What are the necessary documents for registering a lease at the Romanian fiscal authority?
According to the current legislation and Fiscal code, those who earn income from renting have the obligation to register a lease in the next 30 days after closing such contract. You will need the following documents to apply for this:
- The lease agreement (original and two copies);
- The income statement (form 220 in two copies);
- ID, in copy;
- The ownership document of the property (original and a copy);
- Owner of attorney with the ID of the authorized person, if necessary.
To be able to lease a property, you are bound to apply and get an energetic certificate. This will certify the energetic state of the apartment and, more precisely, it will categorize it in one of the energetic classes (class A means that the property is using the energy efficiently). Moreover, with registering the contract you will also have to hand in form 220 which is the declaration regarding estimated income, within 30 days since closing the lease agreement.
Gross income and net income
According to the new Fiscal code, the gross income from renting represents the sum of all earnings as their equivalent in RON from the earnings established according to the closed agreement, for each fiscal year, no matter the payment term.

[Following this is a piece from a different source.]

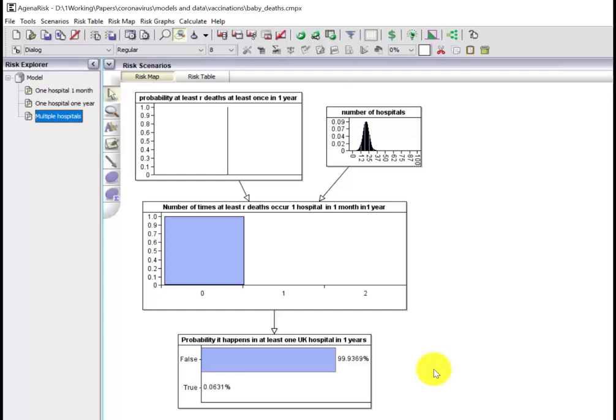Seeing this particular cluster of eight deaths in one hospital in one month is really unlikely to happen by chance. Therefore, there's likely to be a causal explanation.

The gross income is increased with the value of the expenses which are supposed to be made by the landlord or legal owner, as per the legal provisions, but are instead done by the other contracting party.
In addition, according to the Fiscal code normative, the owner is bound to perform and bear the expenses of the maintenance and repairs of the leased property according to the current legal regulations. However, if these are to be made by the renter, then the expenses will fit in the flat rate costs rate with the according decrease of the rent, while keeping the taxation unchanged.
The net income from leasing a property is calculated by subtracting the costs from the gross income by applying a rate of 40% on the gross income. It is worth mentioning that, for recognizing the deductibility of the flat rate costs, the owner is not bound to present the Fiscal authority any kind of documents to justify expenses.
The annual tax
The fiscal authority establishes the owned annual tax based on the declaration of total made income using form 200, by applying a rate of 16% on the taxable annual net income. More precisely, after establishing the amount of the owned annual tax, a decision to impose will be emitted, which will be communicated to the taxpayer. According to the new Fiscal code, the annual taxable net income is calculated per each income source by deducting from the net income the reported fiscal loses. The total income that is made during part of the year or in different time periods which represent parts of the same year, are considered annual income.
It is important to also know that you will have to pay health insurance contributions (CASS) from the earnings made through leasing, however you will not have to pay any social contributions (CAS) as well. Thus, for earnings made through leasing, you would owe, besides the 16% income tax a 5,5% health insurance contribution.
Taxpayers that terminate lease agreements during the year are bound, according to the Fiscal authority, to inform the institution, in writing, in maximum five days. To do so, you would need to include, in copy, a series of documents that prove the termination of the leasing contracts, such as: the addendum, the affidavit and so on. According to the Fiscal code, in the case of contractual termination, during the fiscal year, for agreements where the rent is calculated in RON, the pre-paid payments will be re-calculated by the fiscal authority at the taxpayer's request.